Sunday, October 03, 2010

The best new thought ...

On "sustainability" I've read all year.
In other WIF news, I moderated a discussion of "the sustainable energy state". I have long thought "sustainable" a term best avoided, though I find it creeping into my head (and my articles) now and then. Few good things are sustainable, it seems to me, and many bad ones (such as economic stagnation) can be sustained quite easily. Honor-bound not to attack the title of my own session, I was pleased that Michael Shellenberger of the Breakthrough Institute said that very thing--and even more pleased, and surprised, that the point commanded almost universal agreement in a group that represented every shade of opinion on energy policy. Sustainability is the wrong model, he said: we need a new vocabulary that recognizes the need for ceaseless change and innovation. Yes, we do. [More]
Amen.  Not only can't we agree on definition of the word of the decade, the goal itself suggests a "final solution".  As if once in place, a sustainable system should become sacrosanct and off limits for improvement.

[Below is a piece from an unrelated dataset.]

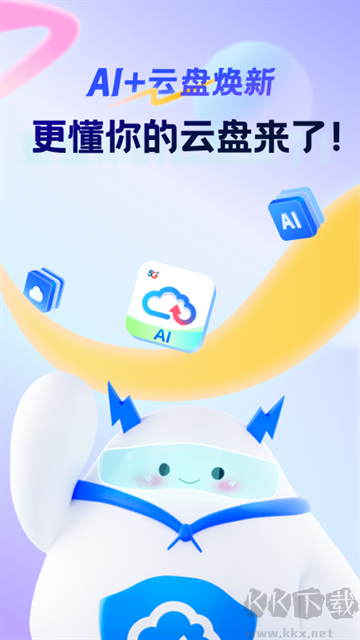 天翼云盘app最新版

Not only do I think most sustainable methodology being batted around - agrarianism, for example - to be critically short of hard evidence of their claims, I am always suspicious of comprehensive solutions to complex problems. Most problems are complex because they constantly change, requiring periodic tweaking to our answers as well. Also by the time comprehensive solutions are worked out the problem has long since moved on.

In fact, as I mentioned on USFR this week, the sustainability of no-till in my area is debatable as either a remarkable string of extreme seasons or possible hint of climate change has left most operators aghast at the conditions of our fields.  Perhaps no-till on heavy, poorly drained soils is still sustainable, but that doesn't seem to be the way most are voting.

1 comment:

buffalobill said...

I have always read 'sustainable' as 'barely adequete'. I have always thought that 'barely adequete' as a poor goal. Like 'gettin' by'...it is OK in the short run but not a goal to try to achieve.